Acknowledged as one of the major sculptors and avant-garde artists of the twentieth century, Constantin Brancusi (1876-1957) also remained one of the most elusive.
His mysterious nature was not only due to his upbringing in Romania - which, at the time, was still regarded by much of Europe as a backward country haunted by vampires and werewolves - but also because Brancusi was aware that myth and an 'aura of otherness' appealed to the public.
This self-mythology is embodied in his white atelier in Montparnasse, Paris.
In "Constantin Brancusi", Sanda Miller looks beyond the mythology of the artist to show us Constantin the Romanian student, as well as Brancusi the celebrated artist.
Using new material, including private correspondence from Brancusi's archive in Paris, works from Romania, and Brancusi's own photos of his studio, the author weaves together and interprets a wealth of information, bringing to life his early years in Romania, his move to Paris and his years at his studio.
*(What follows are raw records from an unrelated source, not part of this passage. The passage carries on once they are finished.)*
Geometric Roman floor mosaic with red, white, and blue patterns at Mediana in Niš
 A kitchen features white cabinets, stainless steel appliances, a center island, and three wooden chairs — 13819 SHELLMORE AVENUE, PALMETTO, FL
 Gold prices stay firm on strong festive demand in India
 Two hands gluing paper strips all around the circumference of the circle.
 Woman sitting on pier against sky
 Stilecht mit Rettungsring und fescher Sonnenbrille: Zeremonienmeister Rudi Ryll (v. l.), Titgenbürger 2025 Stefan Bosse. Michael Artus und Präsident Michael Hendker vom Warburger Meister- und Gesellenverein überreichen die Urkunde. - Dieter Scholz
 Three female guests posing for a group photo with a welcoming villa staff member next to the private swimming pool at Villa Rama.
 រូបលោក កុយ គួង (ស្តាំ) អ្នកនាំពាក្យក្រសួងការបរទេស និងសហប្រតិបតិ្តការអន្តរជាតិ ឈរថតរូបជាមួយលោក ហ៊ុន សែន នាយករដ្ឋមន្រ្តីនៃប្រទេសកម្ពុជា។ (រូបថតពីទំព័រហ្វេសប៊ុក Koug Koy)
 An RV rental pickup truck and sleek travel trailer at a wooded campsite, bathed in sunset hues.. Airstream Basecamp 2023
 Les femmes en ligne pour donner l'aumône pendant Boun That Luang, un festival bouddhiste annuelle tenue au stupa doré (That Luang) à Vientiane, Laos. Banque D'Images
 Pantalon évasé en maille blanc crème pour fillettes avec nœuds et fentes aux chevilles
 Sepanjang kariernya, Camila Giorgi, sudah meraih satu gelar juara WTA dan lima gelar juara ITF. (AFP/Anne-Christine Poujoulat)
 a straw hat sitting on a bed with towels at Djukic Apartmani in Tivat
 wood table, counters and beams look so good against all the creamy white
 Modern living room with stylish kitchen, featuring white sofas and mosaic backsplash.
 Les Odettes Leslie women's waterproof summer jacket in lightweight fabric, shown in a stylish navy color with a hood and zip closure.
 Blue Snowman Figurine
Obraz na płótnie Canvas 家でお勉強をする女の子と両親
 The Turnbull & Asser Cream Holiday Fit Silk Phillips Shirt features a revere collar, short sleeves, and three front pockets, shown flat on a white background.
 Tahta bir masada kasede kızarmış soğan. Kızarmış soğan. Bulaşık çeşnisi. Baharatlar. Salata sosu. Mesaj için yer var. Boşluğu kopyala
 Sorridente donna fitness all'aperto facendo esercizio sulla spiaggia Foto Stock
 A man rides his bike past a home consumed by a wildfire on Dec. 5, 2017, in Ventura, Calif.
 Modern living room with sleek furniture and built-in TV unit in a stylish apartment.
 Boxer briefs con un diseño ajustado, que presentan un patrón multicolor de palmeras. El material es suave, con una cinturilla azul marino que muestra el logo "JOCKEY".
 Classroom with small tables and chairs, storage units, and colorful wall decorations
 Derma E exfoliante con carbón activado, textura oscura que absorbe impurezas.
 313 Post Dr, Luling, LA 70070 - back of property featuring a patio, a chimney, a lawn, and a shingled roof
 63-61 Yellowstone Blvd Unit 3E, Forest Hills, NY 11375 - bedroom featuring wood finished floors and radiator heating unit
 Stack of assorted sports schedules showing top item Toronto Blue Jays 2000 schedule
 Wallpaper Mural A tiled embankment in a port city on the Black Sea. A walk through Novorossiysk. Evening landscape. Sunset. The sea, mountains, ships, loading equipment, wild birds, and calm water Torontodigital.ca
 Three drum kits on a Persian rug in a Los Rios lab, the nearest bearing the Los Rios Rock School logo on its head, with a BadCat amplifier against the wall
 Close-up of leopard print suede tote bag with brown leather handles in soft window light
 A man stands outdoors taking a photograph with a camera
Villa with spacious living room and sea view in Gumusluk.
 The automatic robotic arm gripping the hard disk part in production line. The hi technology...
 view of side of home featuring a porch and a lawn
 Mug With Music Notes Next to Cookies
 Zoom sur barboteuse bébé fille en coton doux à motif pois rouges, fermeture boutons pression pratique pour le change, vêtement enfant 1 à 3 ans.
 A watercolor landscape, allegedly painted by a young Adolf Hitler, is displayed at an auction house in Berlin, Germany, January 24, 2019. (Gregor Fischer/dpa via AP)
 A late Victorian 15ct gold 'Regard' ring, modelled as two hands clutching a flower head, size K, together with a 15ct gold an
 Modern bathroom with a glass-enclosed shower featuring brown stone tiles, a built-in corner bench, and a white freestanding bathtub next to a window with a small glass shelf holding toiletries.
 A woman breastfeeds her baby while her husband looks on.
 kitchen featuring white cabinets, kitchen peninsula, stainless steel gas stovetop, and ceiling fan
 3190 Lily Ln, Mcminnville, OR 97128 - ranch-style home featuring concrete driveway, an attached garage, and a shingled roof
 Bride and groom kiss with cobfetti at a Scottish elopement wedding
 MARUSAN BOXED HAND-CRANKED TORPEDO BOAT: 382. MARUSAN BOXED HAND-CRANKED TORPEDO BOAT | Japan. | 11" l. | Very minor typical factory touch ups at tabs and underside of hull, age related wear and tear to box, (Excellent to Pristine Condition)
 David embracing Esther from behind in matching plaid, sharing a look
She relates how his art scandalized the Paris salon, yet also explores how his work connects with the folk art of his homeland. She also provides colourful evocations of Brancusi's relationships with colleagues, dealers, friends and lovers.
An innovative reassessment of Brancusi's life and work, Sanda Miller's perceptive book allows Brancusi to take his rightful place among the most important of the intellectual personalities who shaped twentieth-century modernism.